What’s in a web browser
Part I — Hardware Acceleration
This article describes the old Android Browser Graphics Architecture, superseded in 2012 by Chrome on Android (in JellyBean, Android 4.2). While it’s a few years old, its graphic architecture was ultimately pretty advanced, and took some interesting detours. If you ever wondered how the graphic pipeline of a modern mobile Web Browser is implemented under the hood, or how software architectures evolve, this article might give you some idea of the challenges involved. Part I mostly lays out the stage and describes the move to hardware acceleration, Part II will expand on some of the advanced features.
Once upon a time, Google had two web browsers: Google Chrome, of course, but also the Android Browser, which was a completely separate codebase and team. Confusingly, both Chrome and the Android Browser were based on WebKit, the HTML rendering engine that Apple used for Safari, itself originally based on KHTML, an earlier engine that came from the KDE project.
The reasons Google had two browsers were both historical and technical — Chrome was focusing on desktop usage and web apps, had a complex security model and a multi-process architecture, while the Android Browser had to work well on mobile, a much less powerful platform, and was pretty much just using WebKit as intended. Priorities differed.
From Android 1.0 to Android 4.2 (2012) the Android web browser was thus simply an android application directly built around the platform’s webview widget. In fact, the webview implemented — it had to! — a full-blown HTML rendering engine that any application could embed, with the browser being its first client.
As devices got more powerful, and with Chrome starting to focus on mobile, the old Android Browser was ultimately replaced by Chrome-on-Android in 2012, while the platform’s webview ended up being replaced by a brand new version (updatable to boot!) based on Chrome’s codebase around 2013, with Android 4.3. Having the same internal codebase makes it a lot easier to stay up to date with webkit or supporting new features across platforms — a welcome improvement for our users and developers.
While the chrome’s codebase is a marked improvement over the old webview, there were quite a few interesting ideas in the old webview’s graphic architecture. I did a presentation about some of this in 2012 at Google IO, although this was more targeted towards android developers. This article, on the other hand, has the advantage compared to the above video that you will not have to suffer through my accented english. I will describe the evolution of the webview rendering architecture as well as some of the reasons behind it.
The Old World
A typical Rendering loop
Before continuing, let’s review how things “should” work in a typical browser. The basics are relatively simple:
- Receives a request to paint an area of the webview (say, after scrolling uncovers a non-painted area, or think about an animated gif)

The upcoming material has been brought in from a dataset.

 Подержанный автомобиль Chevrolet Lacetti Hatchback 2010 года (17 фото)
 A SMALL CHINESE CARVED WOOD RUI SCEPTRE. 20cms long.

- Go to webkit, which will traverse the html tree to figure out which elements need to be painted, then use them to paint…
- Update the screen with the newly painted content
Of course, things get a little bit more involved in reality. In fact, the Android webview was doing things quite differently. Remember, we were running on hardware that wasn’t that powerful, and beyond memory usage, battery life was also a critical resource.
The Android Way
The browser (note that I will freely use the terms browser and webview interchangeably in the rest of this article) needed something that would provide a much faster repaint loop than going back to webkit and traversing the document all the time — it was important in order to provide a fast interaction experience to the user (scrolling, zooming…), and the normal repaint loop was not going to cut it. Webkit being written in C++ and the browser’s UI in Java, the constant JNI calls from java to native would not have helped much either.
So, instead of directly asking webkit to paint the screen, the team had a better idea. They decided to modify Webkit to record the list of painting instructions for the full page, but to not paint directly — basically using a “display list” model. The list of painting commands were for example “draw this text here”, or “draw this image there”.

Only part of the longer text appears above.